Florida is growing fast. Florida Chamber Foundation research shows we can expect another 4.5 million new residents by 2030, and 3 million more drivers on Florida’s roadways by the same time period. On top of that, 50 million more annual visitors.

* * *

While Florida’s economy is stronger, our public budgets are healthier, and Florida is home to fresh perspectives that will continue to make us more competitive, there are challenges that come with 900 net new people moving here each day. Mainly, maintaining the safety and efficiency of our transportation system.

I understand there are some who will always oppose smart growth and economic opportunities, believing that a thriving economy cannot co-exist with responsible environmentalism or that our roadways are already adequate for the future. These are the same. And some will call these “roads to nowhere,” even though I highly doubt that cities like Lakeland, Ocala, Naples and others would consider themselves “nowhere.”

First, we agree that the population will grow.  Second, Lakeland, Naples, and Ocala already have interstate (and more) connections.  Third, the toll road that would have gone to Ocala was rejected by Ocala.   (The new plan does not appear to go to Ocala.)  And, as we have noted before, the road from near Naples to near Lakeland has been rejected numerous times and shown to be driven by large land owners in between.

But more to the point for us, some may oppose any growth, but that is not us.  We do not even oppose all roads.  However, there are two things to keep in mind.  First, we favor fixing problems that already exist before moving on to problems that may exist in the future.  We need transit alternatives where people are living now.

Second, while the people may be coming, where they will live is yet to be determined.  That is largely a question of planning and choices, in other words growth management.  Implicit in the highway plan is a sprawling pattern of growth that develops far more land that is now farms or open areas.  That does not have to be the choice.  Growth can be directed to already built up areas and money spent on improving the infrastructure there. It is not that we do not need infrastructure spending, and even some improved highways.  It is a question of where the money is spent and why.  We can have rational growth and protect the environment or we can have a model that promotes more and more sprawl throughout the state.

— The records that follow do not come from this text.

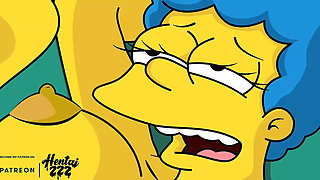 Hentai Simpsons Cheating - Marge Fucks Carl Doggystyle Creampie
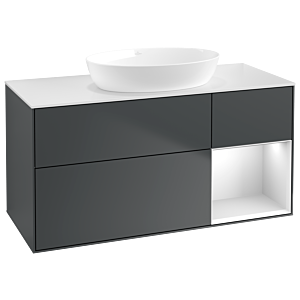 Villeroy and Boch Finion Villeroy and Boch Finion GA71MTHG 120cm, cover plate white matt, Emotion, shelves white matt lacquer, midnight Blue Matt Lacquer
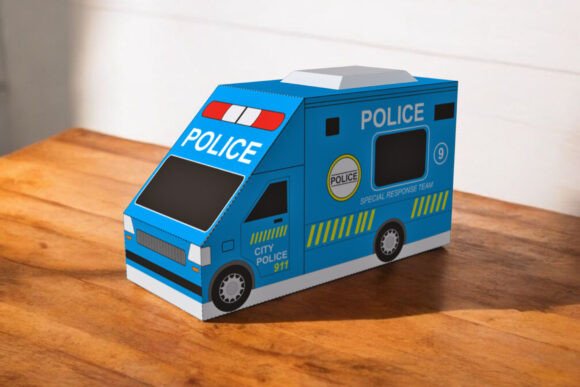 Police Van Favor: 3D SVG Shapes for Brand Campaigns
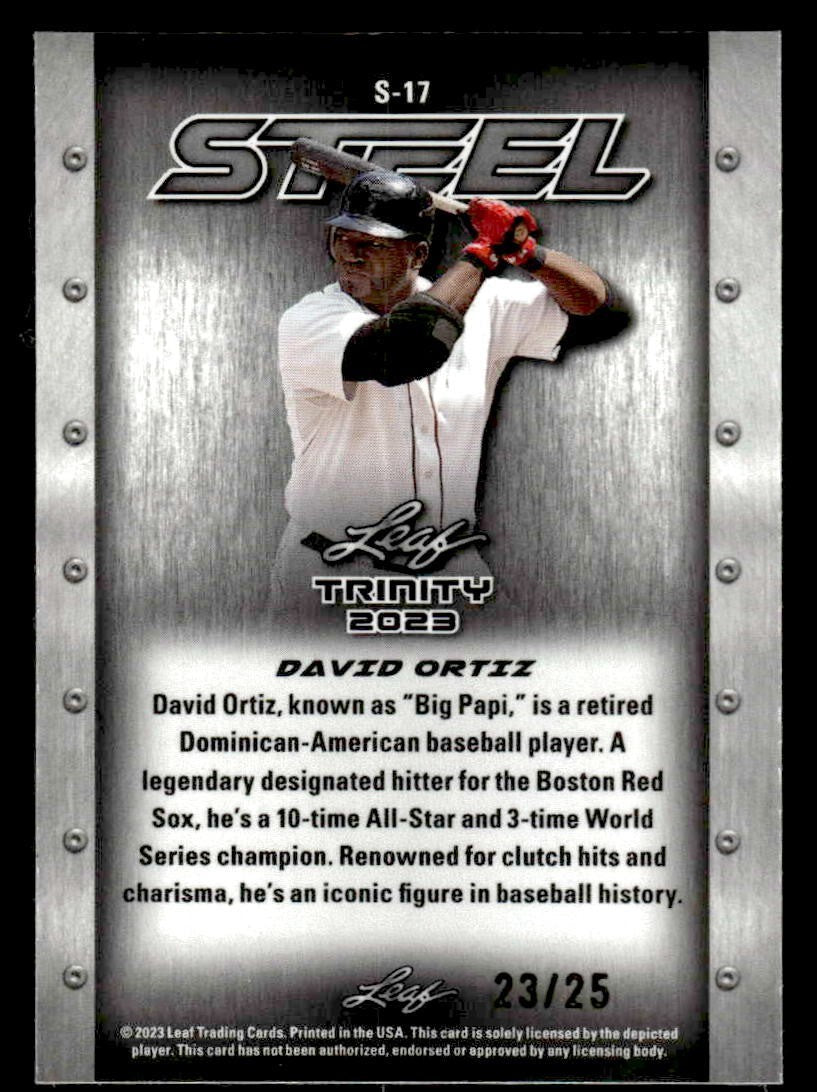 2023 Leaf Trinity #S-17 David Ortiz Steel Lazer Pink #/25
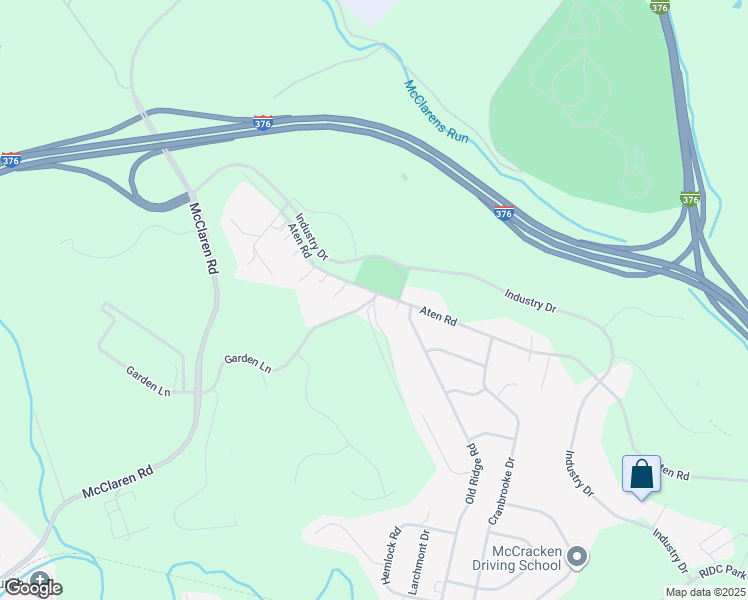 map of restaurants, bars, coffee shops, grocery stores, and more near 202 Red Deer Lane in Coraopolis
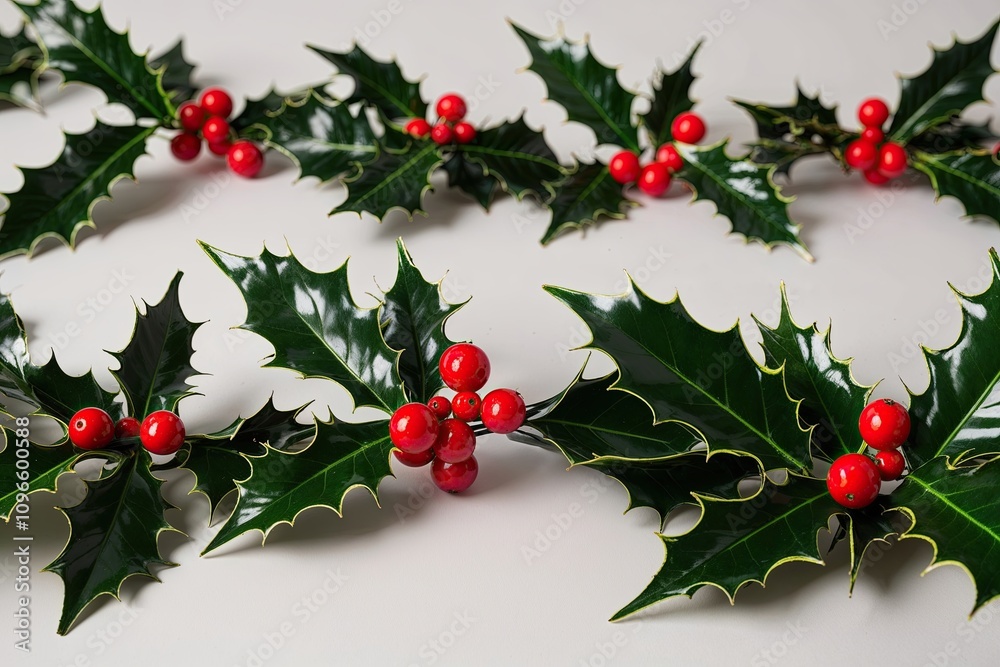 Lively Holiday Holly Garland with Bouncing Berries and Festive Accents Lively Holiday Holly Garland with Bouncing Berries and Festive Accents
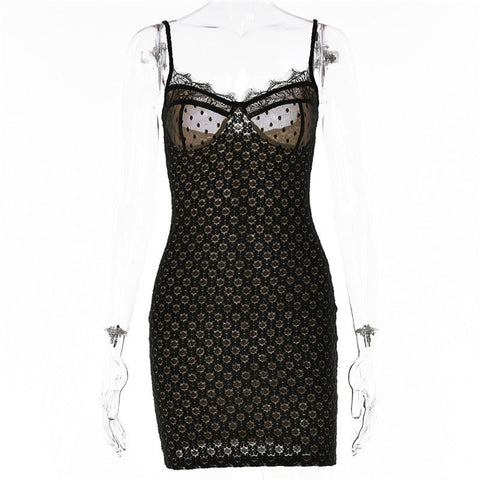 Spaghetti Strap Sheer Lace Maxi Dress Women Sleeveless Backless Elegant Club Party Fashion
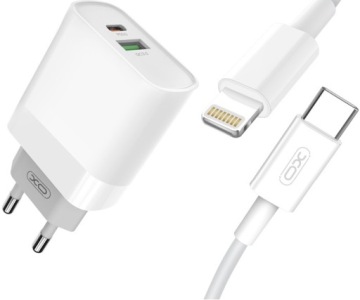 СЕТЕВОЕ ЗАРЯДНОЕ УСТРОЙСТВО XO 18 Вт + КАБЕЛЬ USB-C — Lightning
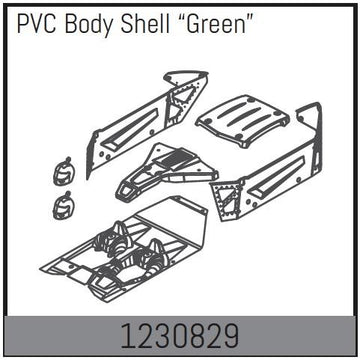 Absima - 1230829 - Karosseri, færdigmalet Grøn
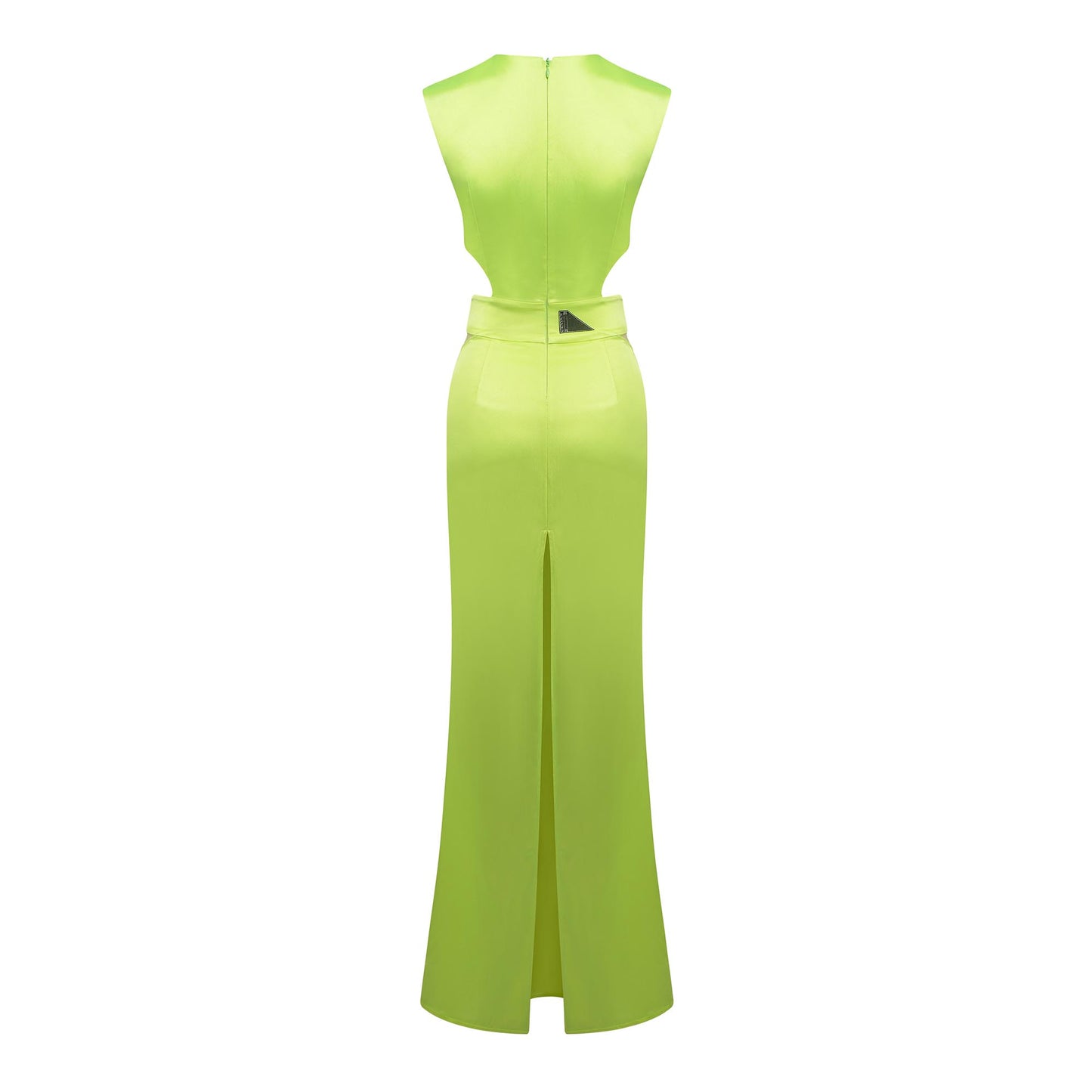 NEON GREEN TAILORED. MIDI DRESS WITH CUT-OUTS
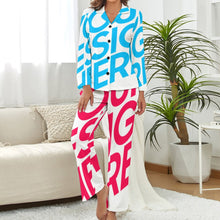 Cargar imagen en el visor de la galería, Homewear DTZREV1 Pijama de satén de dos piezas para mujer personalizado con patrón foto texto (impresión de imagen única)
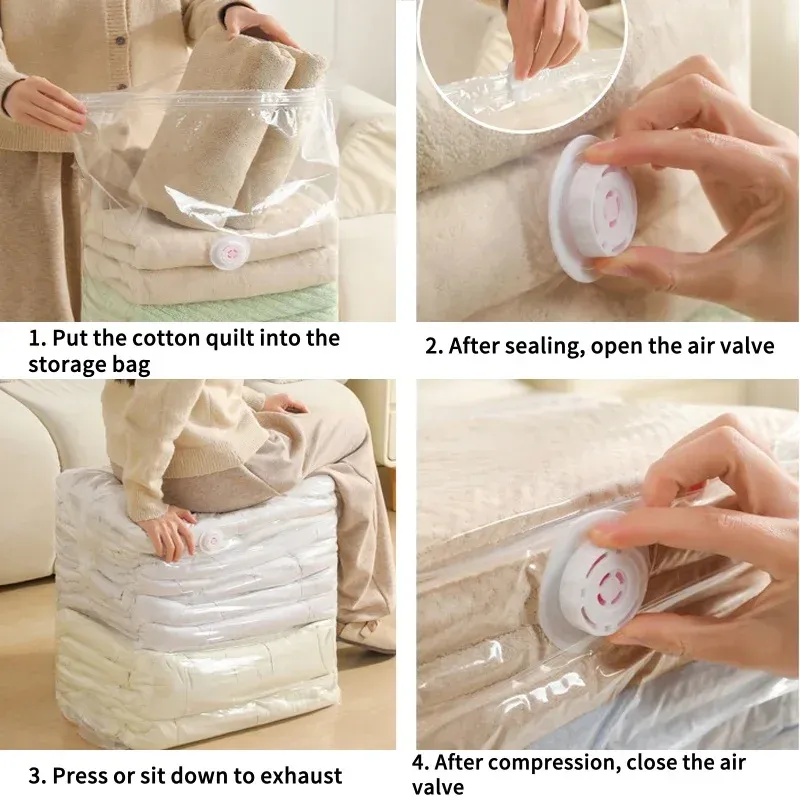 Sacs de rangement sous vide sans pompe, grands sacs pour vêtements et couvertures, accessoire de voyage 6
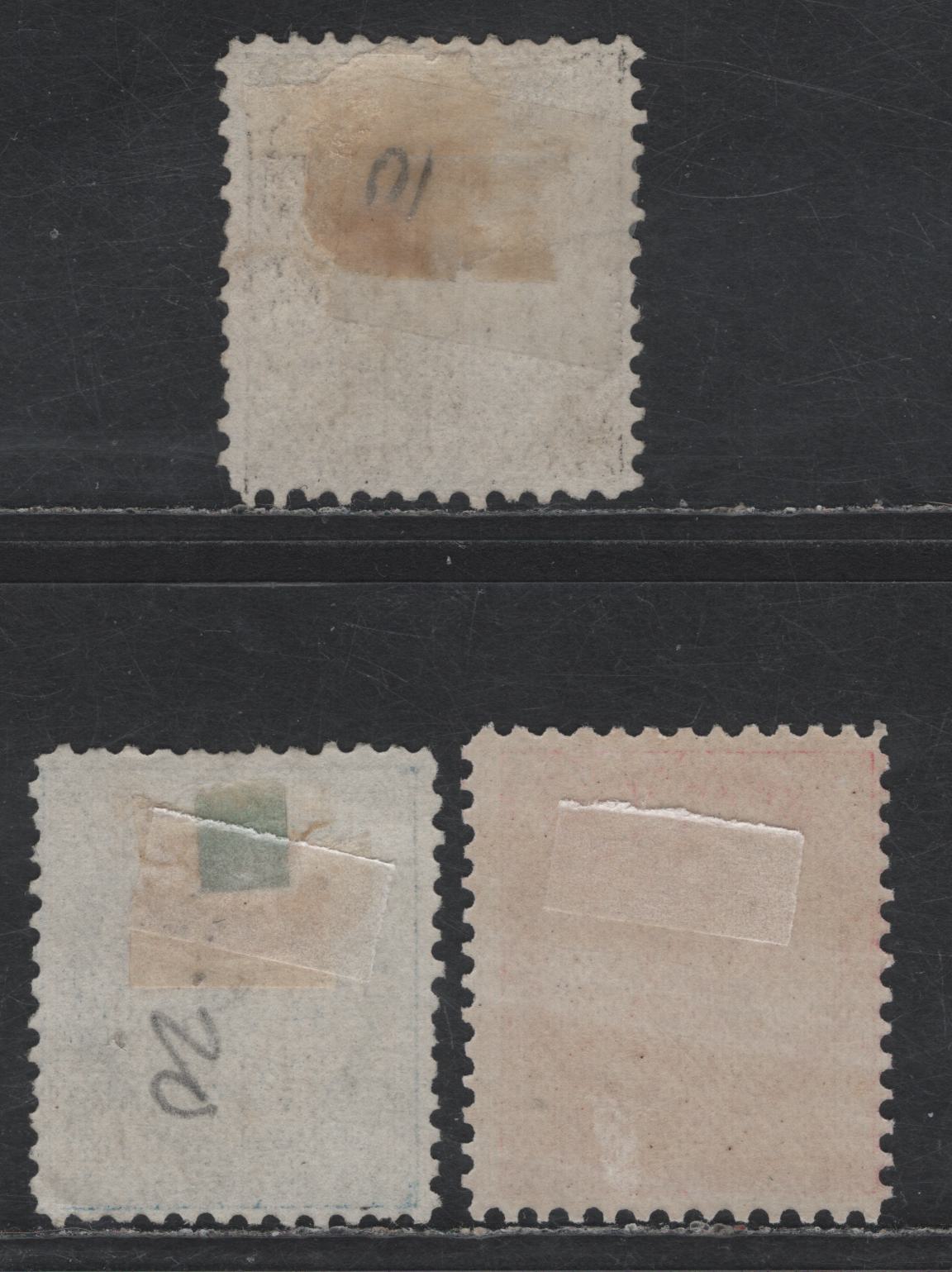 Lot 71 PEI #5-6, 9 2d - 4d Rose - Black Queen Victoria, 1862-1870 Queen Victoria Issue, 3 VG/FOG & Unused Singles, White Paper, Perf 12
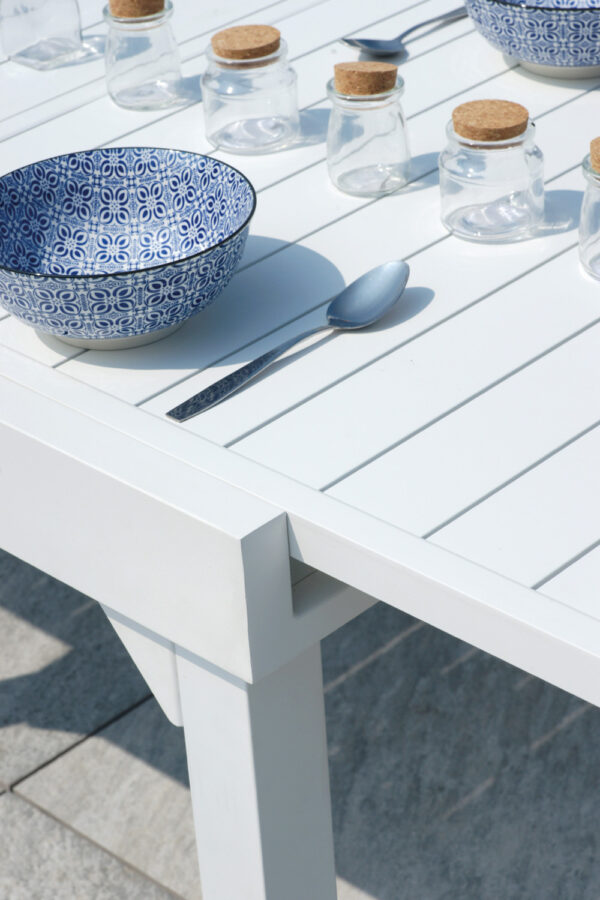 Tavolo Da Balcone Capannori - Allungabile 106/212 X 75 Cm - Alluminio  - Con Piano A Doghe In Alluminio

For us, it is all about choices and priorities.  The state has limited supply of money. (see, for instance, here) With this plan, it is choosing to create (not address) future needs rather than address the needs of the residents it already has.  As we have said many times, maybe at some point in the future these roads will be needed, but, now, with the money we have, is not the time.

— Some Ferry

Hillsborough County has decided to fund the Cross-Bay Ferry again.

Hillsborough County Commissioners unanimously voted Wednesday to contribute nearly $300,000 over the next two years to help operate the Cross-Bay Ferry through 2021. St. Petersburg and Pinellas politicians have already approved their shares. Tampa City Council is scheduled to vote Thursday.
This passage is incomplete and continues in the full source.